**SOURCE MATERIAL**:
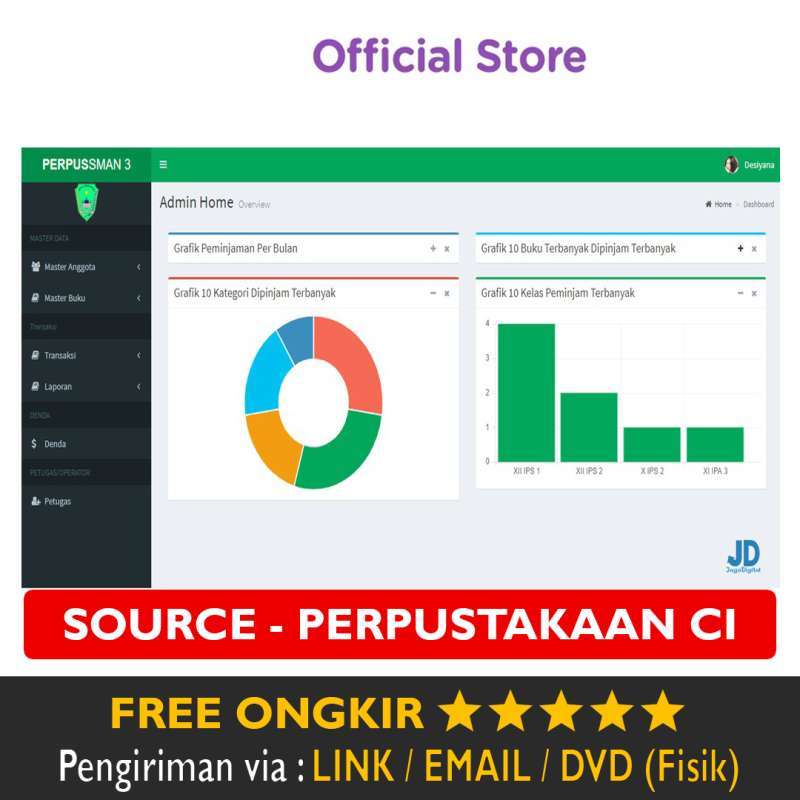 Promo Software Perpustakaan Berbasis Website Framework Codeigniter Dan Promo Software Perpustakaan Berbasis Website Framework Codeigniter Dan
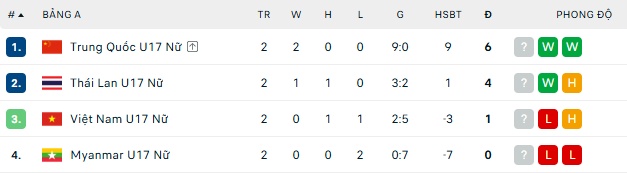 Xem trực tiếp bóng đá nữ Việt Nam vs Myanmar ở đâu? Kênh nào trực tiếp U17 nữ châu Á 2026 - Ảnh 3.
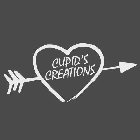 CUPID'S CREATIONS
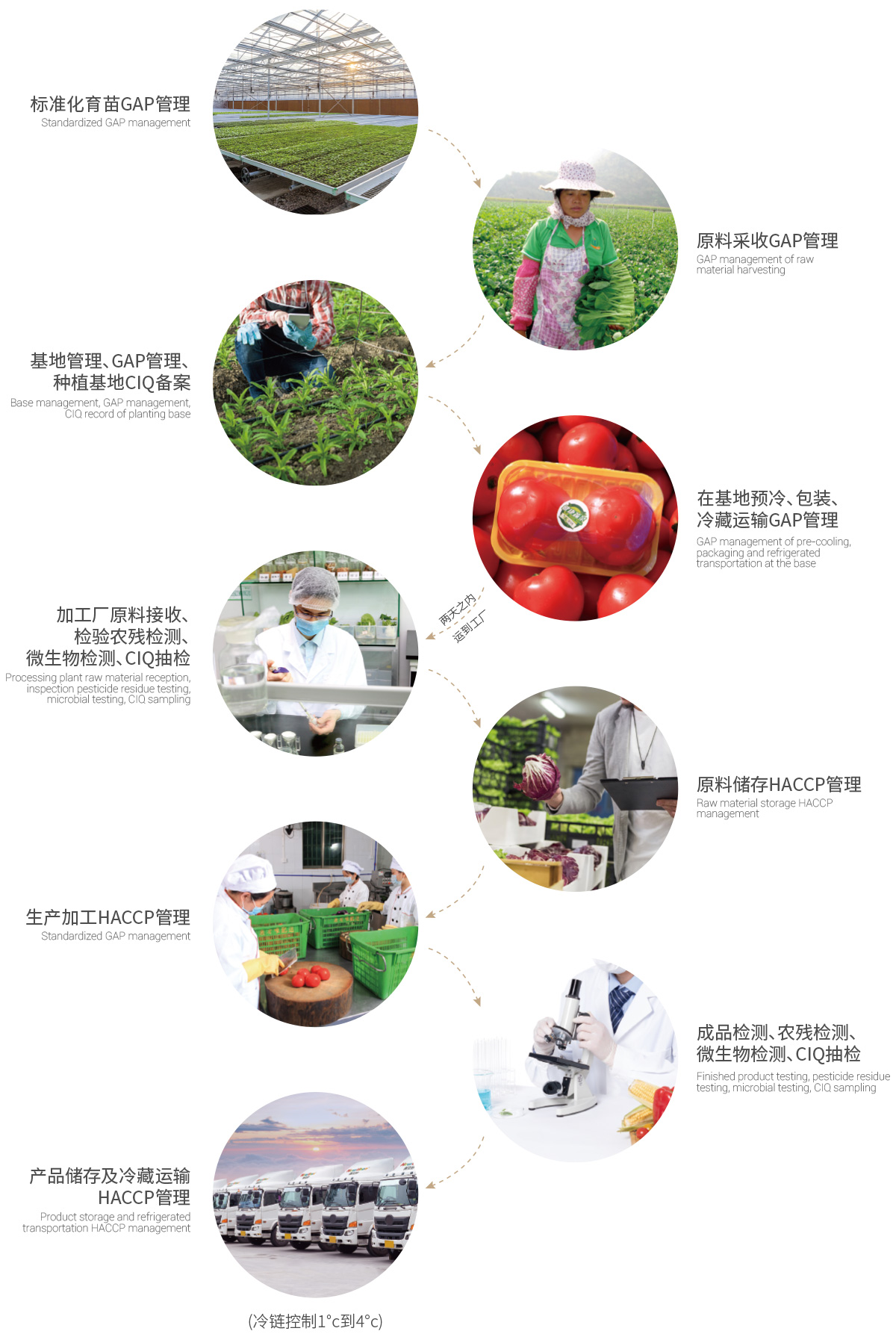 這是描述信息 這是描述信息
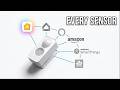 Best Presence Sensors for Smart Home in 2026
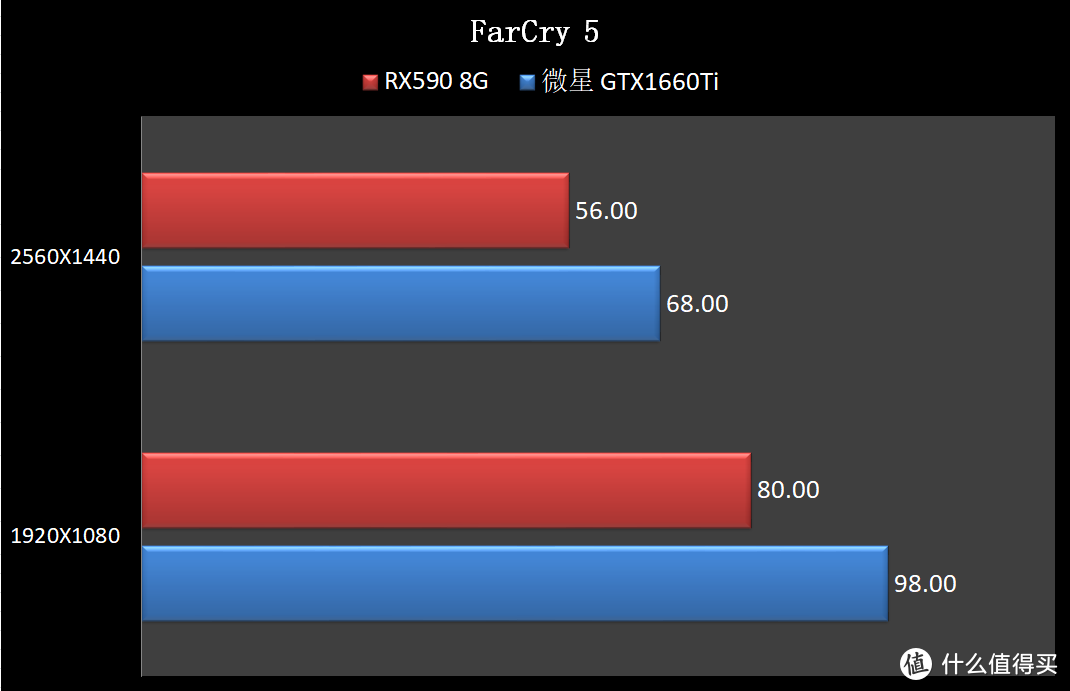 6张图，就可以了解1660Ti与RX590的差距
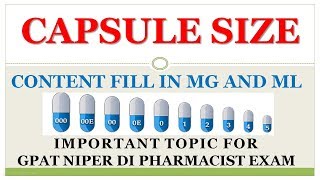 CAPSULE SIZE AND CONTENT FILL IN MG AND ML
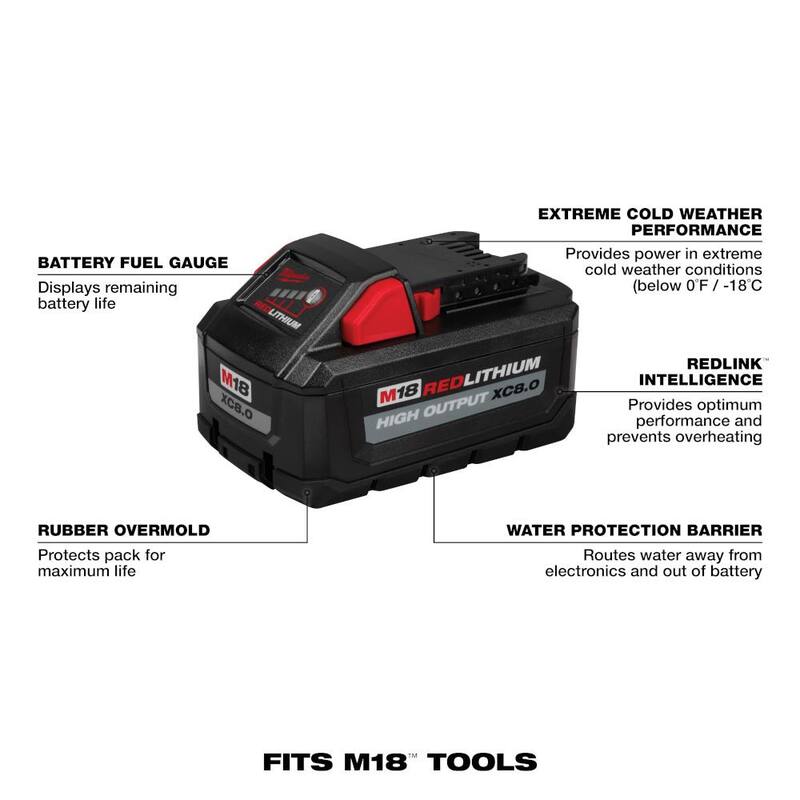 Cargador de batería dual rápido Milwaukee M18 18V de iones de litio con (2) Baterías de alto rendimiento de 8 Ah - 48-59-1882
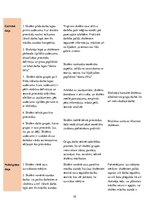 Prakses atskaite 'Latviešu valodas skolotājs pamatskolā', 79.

--

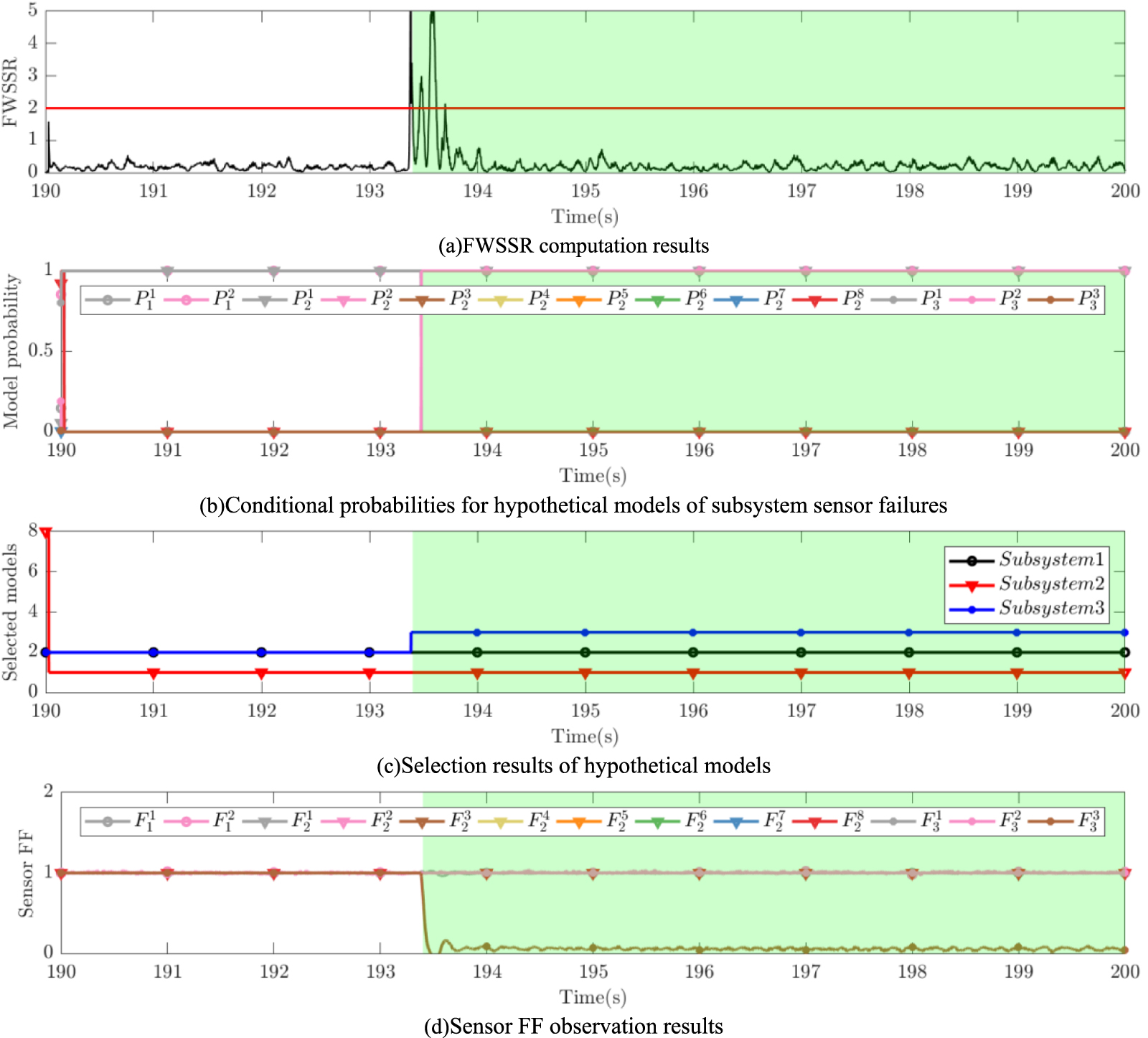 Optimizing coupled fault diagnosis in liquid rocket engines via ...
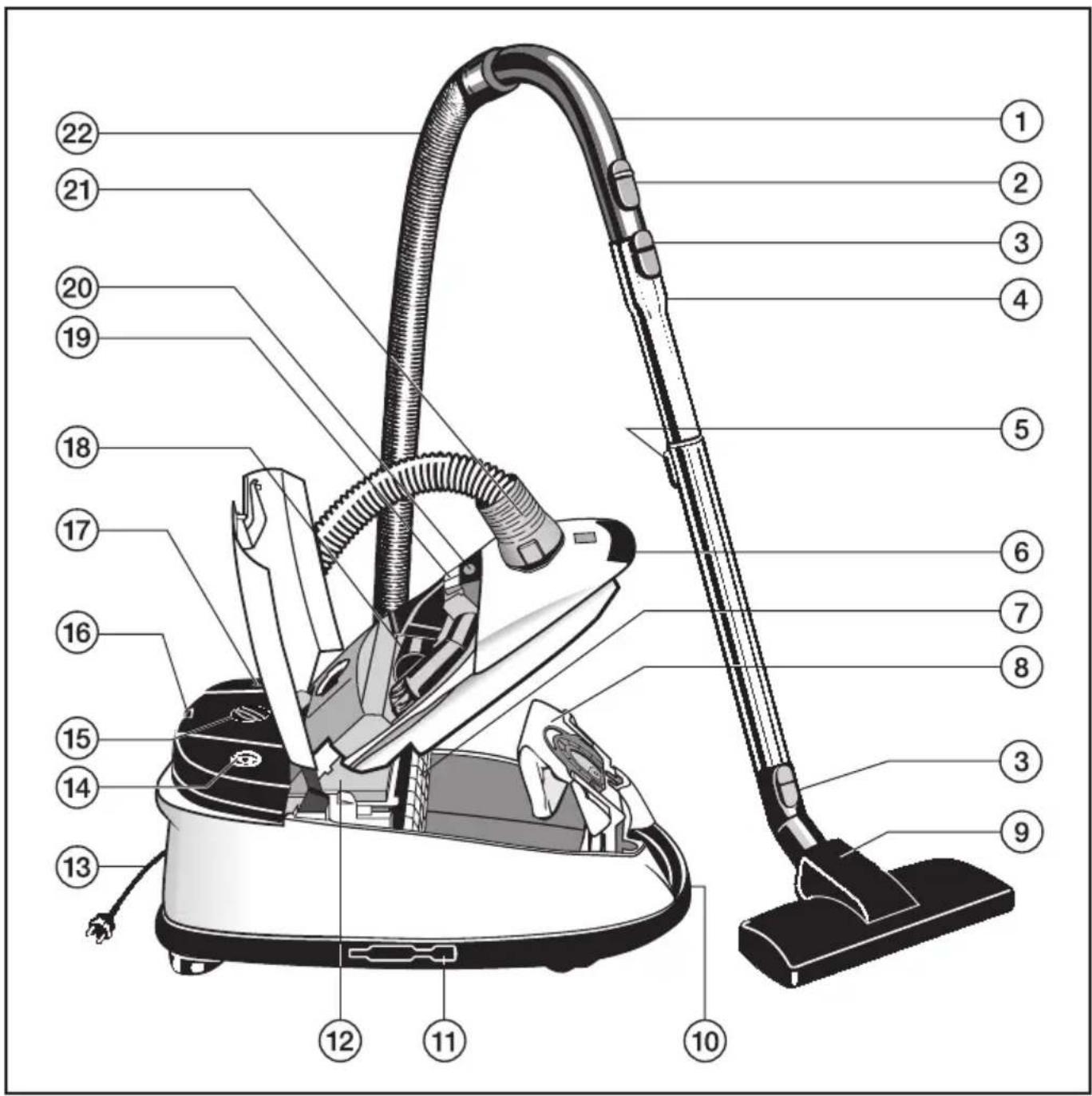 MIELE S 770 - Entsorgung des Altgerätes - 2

**REQUIREMENT**: Only the lines above starting with the line with "Codeigniter Dan Promo" and going on through the line with "Prakses atskaite 'Latviešu" belong in the answer; repeat them exactly, minus any picture.

**ANSWER SECTION**:
 Promo Software Perpustakaan Berbasis Website Framework Codeigniter Dan Promo Software Perpustakaan Berbasis Website Framework Codeigniter Dan
 Xem trực tiếp bóng đá nữ Việt Nam vs Myanmar ở đâu? Kênh nào trực tiếp U17 nữ châu Á 2026 - Ảnh 3.
 CUPID'S CREATIONS
 這是描述信息 這是描述信息
 Best Presence Sensors for Smart Home in 2026
 6张图，就可以了解1660Ti与RX590的差距
 CAPSULE SIZE AND CONTENT FILL IN MG AND ML
 Cargador de batería dual rápido Milwaukee M18 18V de iones de litio con (2) Baterías de alto rendimiento de 8 Ah - 48-59-1882
 Prakses atskaite 'Latviešu valodas skolotājs pamatskolā', 79.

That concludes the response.